Almost every other day we hear a teacher lament on how difficult it is to capture and hold the attention of their students for more than a few seconds at a time. Youths are now being trained from an early age to consume information and visual materials in record time. You need not look very hard for evidence to support this theory.
A casual observation of parenting trends would reveal exactly how the styles have changed over the years. Parents are now more likely to put an electronic tablet or some sort of mobile device in their baby’s hands once they’ve started sitting up on their own, as opposed to giving them a stuffed toy.
They submit to this demand for technology because their children respond much better to those interactive devices than they do to a good old-fashioned teddy bear. Or perhaps it’s the other way around. Whichever comes first, it’s clear as day that the younger generations have mastered the use of mobile devices at an age when the most exciting thing for us (grown folk) probably involved chewing on our scented wax crayons.
No doubt this mastery of technology would’ve carried through to their adolescent years and placed them further ahead of the learning curve than we might’ve realised. A quick assessment of the social media habits of teenagers will show just how fast their brains are processing information and how easy it has become for them to master new technologies.
So how do we channel that speed and harness it into something that could see improvement in the level of education across the board? This is where STEM/STEAM comes in. Recently I’ve noticed increased STEM initiatives in and around Georgetown designed by members of the public and private sectors to engage the youths and improve their overall academic performance. Some programmes were designed specifically to tackle the significant decline in the area of Mathematics, while others were designed to encourage youths to consider future careers in coding, app development, etc.
Regardless of the focus of each initiative, it has been a refreshing shift away from the usual doom and gloom news, especially in relation to youth development in Guyana. This shift is exactly what we need to encourage the kind of critical and creative thinking necessary for youths to flourish in tomorrow’s job markets, more so in light of the huge oil discovery recently. We must recognise that technology is constantly evolving and our approach to education should follow suit. Otherwise, we run the risk of continuing down the path of decreased student engagement and increased failure/drop out rates.
The sudden buzz around STEM programmes also called to mind a speech delivered about two years ago at my college graduation. The guest speaker opined that all these years our perspective on STEM and STEAM has been skewed and that rather than viewing the sciences and arts as being mutually exclusive, it would be more beneficial to recognise that they work in conjunction with each other.

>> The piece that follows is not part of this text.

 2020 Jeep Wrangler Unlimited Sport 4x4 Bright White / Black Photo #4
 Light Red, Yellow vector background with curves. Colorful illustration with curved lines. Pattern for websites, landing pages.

His speech immediately struck a chord with me, so much so that I still recall it every time I hear or read about STEM initiatives. Artists and engineers might hold different titles and might use different materials, but our process is essentially the same; the way our brains function is essentially the same. In my opinion, both areas draw on the strengths of each other. The problem has always been how they have been regarded traditionally, as being competitive rather than complementary.
Whether institutions move to amend the acronym is irrelevant, in my opinion. I’m not too concerned about the conspiracy theories that suggest a deliberate attempt to downplay or dismiss altogether the value of the arts to a student’s education. For me, the most important thing is to recognise the many ways art facilitates and encourages critical thinking.
We should all move to abandon old ways of considering the parameters of art and recognise that its value is something that cannot be measured quantitatively. It’s time to shelve the left brain/right brain ideology and recognise that we could only get so far with what some refer to as a “half-brain” education.
The focus should be finding new ways to engage students and encourage critical thinking, while activating both sides of their brains. How could we expect them to solve tomorrow’s problems when they’ve been trained only to exercise only their left brains or right brains? It simply won’t work (at least not very effectively). There is much more to be gained from the kind of education that supports the activation of both sides.